2/4

Euro's Struggle: ECB Policy and Trade Tensions Overshadow Trump's Olive Branch

The euro remains under pressure as political uncertainties in Europe and potential trade tensions with the United States weigh on the currency. Despite President Donald Trump's openness to negotiations on tariffs, which could avert a trade shock and support the region's growth outlook, the euro's weakness persists. This is largely due to anticipated policy loosening by the European Central Bank (ECB), which typically results in a weaker currency as interest rates are lowered to stimulate economic activity. Additionally, the lack of compelling factors for investors to buy into the euro, apart from its undervaluation, continues to support a bearish outlook.

German front-end bonds are benefiting from safe-haven demand amid these uncertainties, with yields on two-year bonds trading rich relative to the euro short-term rate. The postponement of US tariffs against EU nations provides temporary relief but does not eliminate the underlying economic uncertainties.
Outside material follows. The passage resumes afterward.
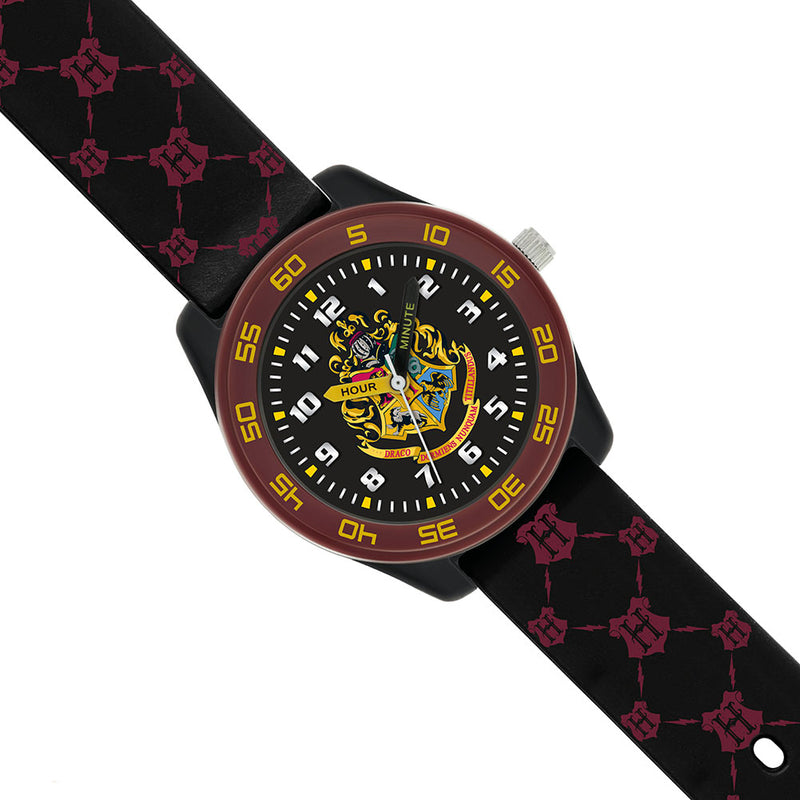 Harry Potter Hogwarts Junior Time Teacher Watch, alternate view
As a result, German bonds remain attractive to risk-averse investors, with yields likely to fall further if risk aversion persists, reducing the euro's relative attractiveness.

The US Dollar Index (DXY), which measures the dollar against a basket of major currencies, is currently at 108.81 as of 02:11 on February 4, slightly down from its last close of 108.99. The index remains near its 52-week high of 110.18, reflecting the ongoing strength of the dollar amid global economic uncertainties.